Post #163 – Women’s Memoirs, ScrapMoir – Matilda Butler and Kendra Bonnett
June 2011 Memoir Contest
Today, we are pleased to publish the second of two Honorable Mention winners in our June Memoir Writing Contest. Today’s winner, Kelly Ann Wright, shares a story of change in her life. Congratulations Kelly.
Memoir Contest Winner
REST IN PEACE IN FISHING HEAVEN
By Kelly Ann Wright
It was June 2010 and I was getting ready for my favorite time of year – summer. I bruise easily so the bruise I got on my left knee from moving the patio furniture seemed like nothing out of the ordinary. A few days passed and the bruise had spread up and down my left leg and my entire leg was swollen dramatically. My mom took me to the hospital and they admitted me immediately.
My family and one of my closest friends, Claudette Reaume, were by my side the whole time. They heard the doctors warn me that I was “committing suicide slowly” and if I didn’t change my life style I would die. This meant a strict diet because I rarely ate regularly, sleep which I hadn’t had in years, no smoking or at least cut back and no alcohol — not even an ounce ever again. I took this very seriously and my life changed that first week of June. That month was when my new life started. I had a choice and I choose to live.
Claudette took every word the doctors said to heart and relayed the warning to her husband and my dear friend Jeff Reaume – Reaumo. He was probably as scared as I was and he too decided he needed to change his lifestyle.
I got home from the hospital on Saturday June 5th and was pretty much bedridden, walking only a little with a cane. On Friday June 11th the phone rang early in the morning but I refused to try to get up because I couldn’t imagine who would be calling that early. For some unknown reason my mom was up and answered the phone. She came into the den where I laid with my leg propped up on six pillows, sweaty and smelly because I couldn’t stand in a shower and in a cranky mood.
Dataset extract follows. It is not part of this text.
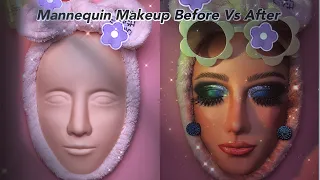 ASMR mannequin makeup, removal and skincare tutorials, everyday routines, step by step. No whisper.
She whispered, “Kelly I have bad news. Reaumo died this morning.”
The first words out of my mouth were “Damn it, why Reaumo?” I believe everything happens for a reason but what was the reason for his death? I still don’t have a full understanding or an answer.
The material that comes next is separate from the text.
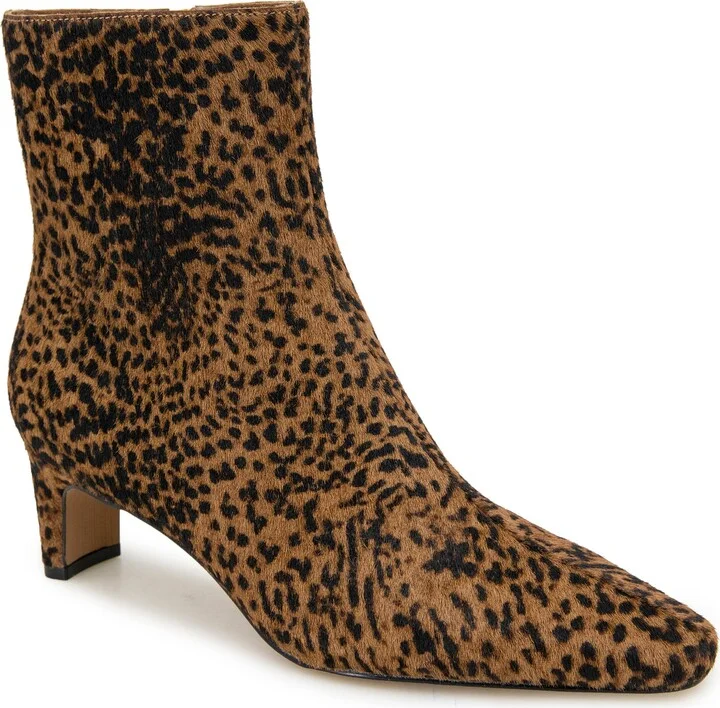 July Pointed Toe Genuine Calf Hair Bootie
Reaumo’s childhood home was across from the green of the 14th hole and mine was across from the 14th tee. We grew up on a golf course and we were country club kids. Reaumo was seventeen years older than me so when I was young that was a huge age difference but as we got older the gap seemed to get smaller and smaller. I was no longer afraid of the guy with the long hair driving a white van with his German Sheppard running along next to it down the street.
Reaumo always had a German Sheppard. My best friend growing up lived behind the Reaume’s and I would cut through their back yard at least a half a dozen times a day. Every time I just held my breath and prayed to get through alive. I just knew one day that his German Sheppard would make it over her fenced in area and eat me alive. She obviously didn’t but she did have a poodle in the neighborhood as a nice snack one day.
When I was in my late twenties I meet Claudette through Reaumo and other mutual friends and we became a group. We had some fantastic times fishing, vacationing and just laughing. We spent many evenings together with fine food, but not so fine wine because occasionally it came in a box.
Reaumo was not one to be mushy or sappy but I will never forget my 40th birthday party. It was at my mom’s condo and the whole group was together and as they left my mom said, “Reaumo, you really mean the world to Kelly” and he replied, “I think of her as my daughter.” I laughed with him and I cried with him and he took secrets with him to heaven that I and only a few trusted people know.
Dad
On June 20th 2010, Father’s Day, I was thinking about my dad and all the wonderful things he did for me and I reflected on how much I relied on my dad for advice. I was definitely a daddy’s girl. My dad passed away in 2000 so I had been through many Father’s Days without him and had accepted that he was gone because I always had my surrogate dad – Reaumo.
Then it hit me in the gut like a punch from Mike Tyson and I thought I was literally going to be sick. I realized Reaumo was dead. I had been so distracted with my own health issues that for a moment I forgot Reaumo had died. It would not be unusual for me not to see him for a few weeks but the fact was I was never going to see him again. I was never going see my dad again. I was alone. I had neither one of my dad’s. I was an orphan.
I honestly believe that my dad and Reaumo sent someone to look over me in their absence. They sent me Dave. Dave never had a chance to meet my dad or Reaumo but he will refer to something that I don’t remember telling him about them. Dave doesn’t fish and doesn’t have the love of water like my dad and Reaumo but maybe they sent him to me to tell me to move on to a new life. I wish they could have met him and I wish they could have walked me down the aisle at my wedding but I know they had the best seats in the house. Dad and Reaumo were looking down on us from “Fishing Heaven.”